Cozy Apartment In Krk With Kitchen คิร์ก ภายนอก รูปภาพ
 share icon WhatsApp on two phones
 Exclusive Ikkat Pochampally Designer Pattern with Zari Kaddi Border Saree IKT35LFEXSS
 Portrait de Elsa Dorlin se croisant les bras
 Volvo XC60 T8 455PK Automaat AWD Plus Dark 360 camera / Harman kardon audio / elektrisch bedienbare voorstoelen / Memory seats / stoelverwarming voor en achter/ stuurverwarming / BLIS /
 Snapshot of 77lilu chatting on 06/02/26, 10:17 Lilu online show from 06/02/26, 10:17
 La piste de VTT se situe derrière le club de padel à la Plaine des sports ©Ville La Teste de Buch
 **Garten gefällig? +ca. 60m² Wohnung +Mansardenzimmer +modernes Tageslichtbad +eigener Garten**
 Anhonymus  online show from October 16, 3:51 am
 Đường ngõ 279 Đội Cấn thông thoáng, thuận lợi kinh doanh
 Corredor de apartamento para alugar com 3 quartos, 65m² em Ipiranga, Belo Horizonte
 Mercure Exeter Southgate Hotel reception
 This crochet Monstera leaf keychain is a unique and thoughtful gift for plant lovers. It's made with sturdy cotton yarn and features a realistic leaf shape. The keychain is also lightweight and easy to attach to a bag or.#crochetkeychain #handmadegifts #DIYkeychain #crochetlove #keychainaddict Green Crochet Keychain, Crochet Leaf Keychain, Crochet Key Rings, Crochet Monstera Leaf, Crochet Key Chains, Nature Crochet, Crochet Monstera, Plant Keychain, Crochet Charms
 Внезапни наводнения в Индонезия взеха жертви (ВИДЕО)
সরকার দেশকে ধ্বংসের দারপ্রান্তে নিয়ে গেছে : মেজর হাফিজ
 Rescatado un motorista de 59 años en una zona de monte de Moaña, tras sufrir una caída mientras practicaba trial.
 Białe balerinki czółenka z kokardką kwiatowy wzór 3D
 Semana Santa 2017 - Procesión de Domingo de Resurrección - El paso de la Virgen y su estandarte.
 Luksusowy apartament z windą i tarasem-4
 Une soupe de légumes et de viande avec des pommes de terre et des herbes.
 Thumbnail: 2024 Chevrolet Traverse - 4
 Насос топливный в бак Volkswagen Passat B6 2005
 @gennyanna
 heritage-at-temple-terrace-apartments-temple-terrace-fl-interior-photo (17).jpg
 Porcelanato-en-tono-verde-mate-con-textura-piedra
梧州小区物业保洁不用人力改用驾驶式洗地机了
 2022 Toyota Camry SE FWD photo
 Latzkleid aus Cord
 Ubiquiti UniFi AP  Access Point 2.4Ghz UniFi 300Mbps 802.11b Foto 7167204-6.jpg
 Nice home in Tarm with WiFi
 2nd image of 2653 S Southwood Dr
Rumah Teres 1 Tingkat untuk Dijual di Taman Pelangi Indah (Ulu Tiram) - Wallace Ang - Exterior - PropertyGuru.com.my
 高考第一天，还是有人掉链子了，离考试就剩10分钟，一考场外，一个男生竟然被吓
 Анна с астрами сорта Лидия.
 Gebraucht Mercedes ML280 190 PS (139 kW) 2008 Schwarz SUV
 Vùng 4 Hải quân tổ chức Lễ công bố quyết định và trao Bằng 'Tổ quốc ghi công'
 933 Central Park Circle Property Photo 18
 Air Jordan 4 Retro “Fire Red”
========================================================================
TASK REQUIREMENTS:
Line by line, reproduce the data exactly as given.

ANSWER TO THIS TASK:
Cozy Apartment In Krk With Kitchen คิร์ก ภายนอก รูปภาพ
 share icon WhatsApp on two phones
 Exclusive Ikkat Pochampally Designer Pattern with Zari Kaddi Border Saree IKT35LFEXSS
 Portrait de Elsa Dorlin se croisant les bras
 Volvo XC60 T8 455PK Automaat AWD Plus Dark 360 camera / Harman kardon audio / elektrisch bedienbare voorstoelen / Memory seats / stoelverwarming voor en achter/ stuurverwarming / BLIS /
 Snapshot of 77lilu chatting on 06/02/26, 10:17 Lilu online show from 06/02/26, 10:17
 La piste de VTT se situe derrière le club de padel à la Plaine des sports ©Ville La Teste de Buch
 **Garten gefällig? +ca. 60m² Wohnung +Mansardenzimmer +modernes Tageslichtbad +eigener Garten**
 Anhonymus  online show from October 16, 3:51 am
 Đường ngõ 279 Đội Cấn thông thoáng, thuận lợi kinh doanh
 Corredor de apartamento para alugar com 3 quartos, 65m² em Ipiranga, Belo Horizonte
 Mercure Exeter Southgate Hotel reception
 This crochet Monstera leaf keychain is a unique and thoughtful gift for plant lovers. It's made with sturdy cotton yarn and features a realistic leaf shape. The keychain is also lightweight and easy to attach to a bag or.#crochetkeychain #handmadegifts #DIYkeychain #crochetlove #keychainaddict Green Crochet Keychain, Crochet Leaf Keychain, Crochet Key Rings, Crochet Monstera Leaf, Crochet Key Chains, Nature Crochet, Crochet Monstera, Plant Keychain, Crochet Charms
 Внезапни наводнения в Индонезия взеха жертви (ВИДЕО)
সরকার দেশকে ধ্বংসের দারপ্রান্তে নিয়ে গেছে : মেজর হাফিজ
 Rescatado un motorista de 59 años en una zona de monte de Moaña, tras sufrir una caída mientras practicaba trial.
 Białe balerinki czółenka z kokardką kwiatowy wzór 3D
 Semana Santa 2017 - Procesión de Domingo de Resurrección - El paso de la Virgen y su estandarte.
 Luksusowy apartament z windą i tarasem-4
 Une soupe de légumes et de viande avec des pommes de terre et des herbes.
 Thumbnail: 2024 Chevrolet Traverse - 4
 Насос топливный в бак Volkswagen Passat B6 2005
 @gennyanna
 heritage-at-temple-terrace-apartments-temple-terrace-fl-interior-photo (17).jpg
 Porcelanato-en-tono-verde-mate-con-textura-piedra
梧州小区物业保洁不用人力改用驾驶式洗地机了
 2022 Toyota Camry SE FWD photo
 Latzkleid aus Cord
 Ubiquiti UniFi AP  Access Point 2.4Ghz UniFi 300Mbps 802.11b Foto 7167204-6.jpg
 Nice home in Tarm with WiFi
 2nd image of 2653 S Southwood Dr
Rumah Teres 1 Tingkat untuk Dijual di Taman Pelangi Indah (Ulu Tiram) - Wallace Ang - Exterior - PropertyGuru.com.my
 高考第一天，还是有人掉链子了，离考试就剩10分钟，一考场外，一个男生竟然被吓
 Анна с астрами сорта Лидия.
 Gebraucht Mercedes ML280 190 PS (139 kW) 2008 Schwarz SUV
 Vùng 4 Hải quân tổ chức Lễ công bố quyết định và trao Bằng 'Tổ quốc ghi công'
 933 Central Park Circle Property Photo 18
 Air Jordan 4 Retro “Fire Red”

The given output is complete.